Despite the name of the post, this is not a recitation of one of Lovecraft's best surrealist short poems.
No, it's just an odd meta-mechanic that I thought of for giving RPGs a certain taint of old Viking mythologizing. All too often, we forget that most of the really good stories put an expiration date right up front on the protagonist's head, not in numbers so much as in circumstances. We know they'll go down fighting, or murdered, or die of old age in bed, or wander off into the endless sea. It's shown us, up front. And then, later in the story, circumstances start aligning and the reader tenses, wondering, "is this it?" but it's just foreshadowing and the disaster narrowly averted, we go on, reminded of where the road ends. And, finally, satisfied at the end, destiny is revealed and we close the book, nodding.
Not perfect for every story, of course, but good fun on occasion, and not just in high tales of fantasy, but other genres as well. The grizzled veteran of the previous war who mentors one of our heroes who we know will die in the first reel to motivate the youngster, the bitter killer who goes on "one last mission" you know will be the death of him, or the cheerful and fearless kid who we can tell will end the story with his illusions shattered and his dreams burned even as he walks into the mists of obscurity, all are iconic images that the promise of can drive the story forward.
To that end:
The Doom Game
During character generation, in addition to normal chargen, you need to describe three Scenes in which your character plays a pivotal part:
Initiation
What things are present when the character is pulled into the whirlwind of events? What's going on? At the end of the Scene, how is their mind made up about the course to take?
Conflict
Pick an event during the course of the pursuit to come. You don't have to know what you're actually accomplishing, just a Scene during it. Where is it? What are you doing? What things are around? What thing hinges here that pushes you on toward the end?
Death
You are going to die. How does it happen? Who's in attendance? What are the Props, the Location, the Characters in motion? How do you go out, like a punk or a hero, or something darker?

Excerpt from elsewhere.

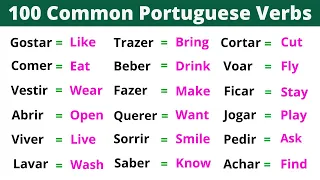 The 100 Most Common Portuguese Verbs Brazilian Portuguese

The Scenes take place in the order defined and if more than one of the Players' Characters arrange to have the same Location for one of their Doom Scenes, all the better, though even if they do they might turn out not to be simultaneous.

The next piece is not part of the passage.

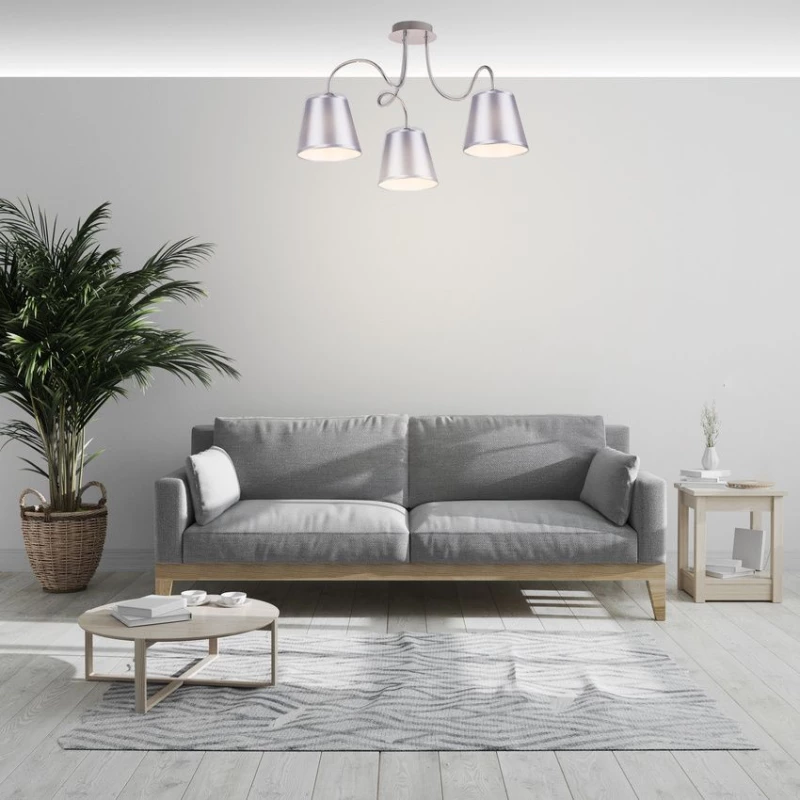 Závěsné moderní tříramenné osvětlení LUK - 3xE14, 40W, chromované / šedostříbrné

For every aspect of your next Doom that you introduce during a Scene, you get one of whatever currency that your game uses for authorial control (unless playing Universalis, see below). For Wushu, that would be Chi, for Donjon, a generic Token that can be traded in for a success, for Capes, a Story Token, etc. If, at the end of that Scene, your Doom hasn't come to pass (the Doom Scene didn't come to pass, etc), take an additional Token. If you resolve your Doom Scene, moving toward your death, the other Players can elect to give you one or more of their unspent Tokens as fan mail.
Why would you want to move toward your death, you might ask? Because resolving your Doomed Death results in being given broad authorial control without risk of interruption or contravention about the Scene and events which cascade from it, to the extent of expense. Any and all Tokens you have left can be spent to dictate the eventual results. Want your grandson to sit on the throne of Caldenoia, musing about his grandfather's tragic loss? Done. Want your homeland ravaged by blood-orcs after your fall from your horse? Sure. As long as you have the Tokens to pay for the facts you narrate (roughly one Token per fact, in most systems), you are the Writer for the repercussions of your fall.
Obviously, this works best in games which already have a strong streak of Narrativist engineering going in, but there's no reason you couldn't use it with straight-up D&D as well as anything.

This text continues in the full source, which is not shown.